Recent innovative alternatives to Edman sequencing, fluorosequencing and N-terminus amino acid binding (NAAB), may be more suitable for mainstream adoption of protein identification, allowing diverse research groups to contribute to proteomics. Of the two, fluorosequencing’s complex chemistry requirements may incur problems such as chemical destruction of dyes, not reported with NAAB single-molecule protein sequencing technology.

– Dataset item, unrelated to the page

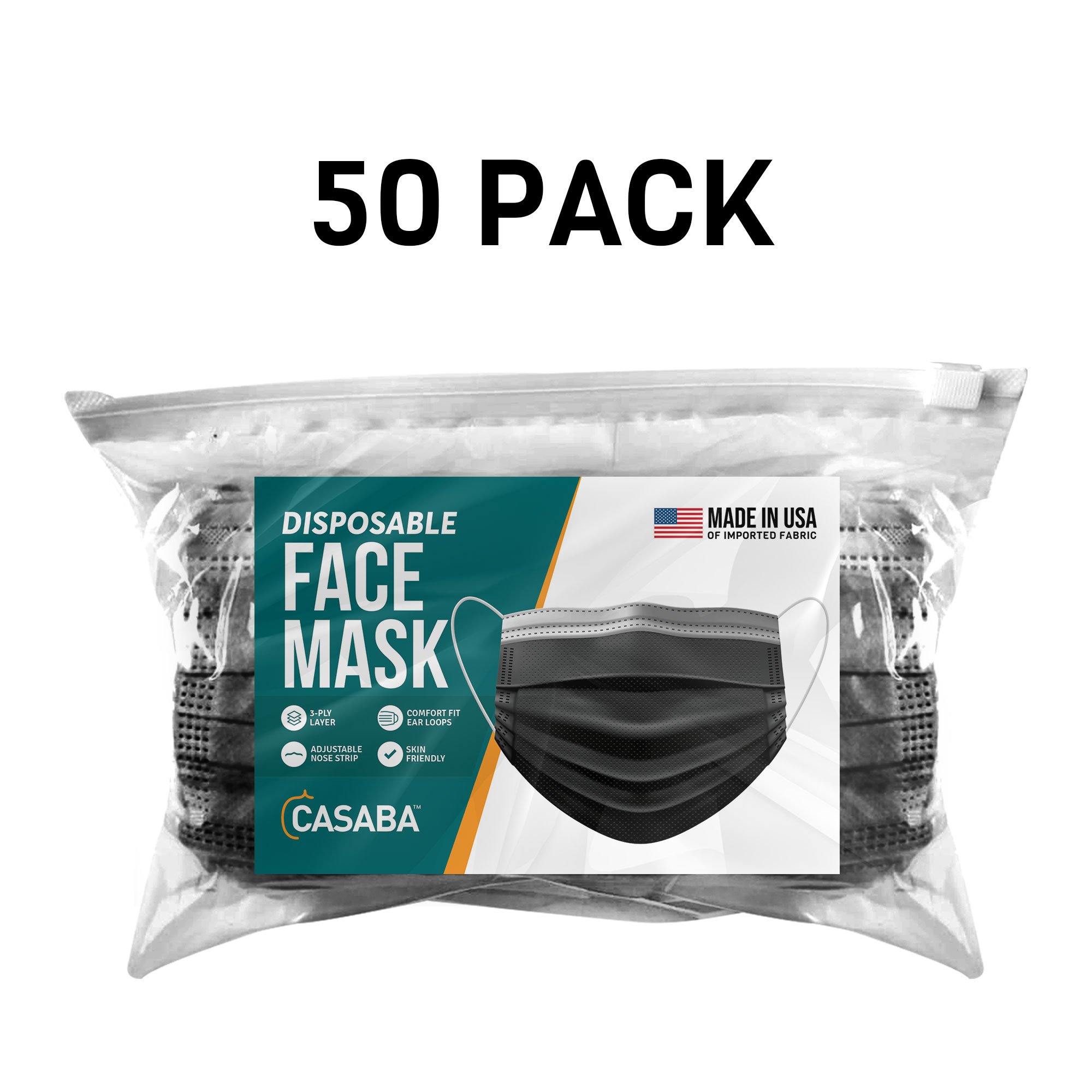 Casaba 50 Pack Black Disposable Face Masks 3-Ply Filter - Made in USA with Imported Fabric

The latter relies on NAAB proteins, which bind to N-terminal amino acids, and can be finetuned in specificity and affinity to different amino acids through directed evolution (yeast or phage display), already accessible in many molecular biology labs around the world, and much more cost-effective.
NAAB-based single-molecule protein sequencing involves binding C-terminus immobilized proteins or peptides to single amino acid-specific NAAB dye-labeled probes before or while enzymatic stepwise peptide cleavage occurs, revealing additional N-termini for several cycles until a sequence of the peptide is identified.
In 2022, a paper published in Science showed that immobilizing peptides into a semiconductor chip for NAAB-based single molecule protein sequencing could be successfully used to generate unique “fluorescence properties and pulsing kinetics” signatures for each amino acid. The distinct signals could then be used to train software to identify amino acids as fluorescence and kinetics were recorded per well in the semiconductor chip.
The latter study also used directed evolution to discover additional NAABs, which they dubbed “recognizers,” from ClpS aminopeptidases and UBR family of ubiquitin ligases showing that specificity and sensitivity can be optimized for single-molecule detection. This type of sensitivity is not yet found in mass spectrometry-based protein sequencing.
It’s no coincidence that the first molecule to be sequenced was a protein as they are vital to our understanding of biological function and disease. But for many years, the average research lab has mostly used immunoassays to study them, resorting when affordable to mass spectrometry.
Use of Edman sequencers came with limitations such as low throughput problems and other technical issues. Recent innovations such as single-molecule protein sequencing through NAAB proteins may pave the way to mainstream adoption of protein sequencing by offering high throughout capabilities and higher specificity not possible through Edman sequencing or mass spectrometry.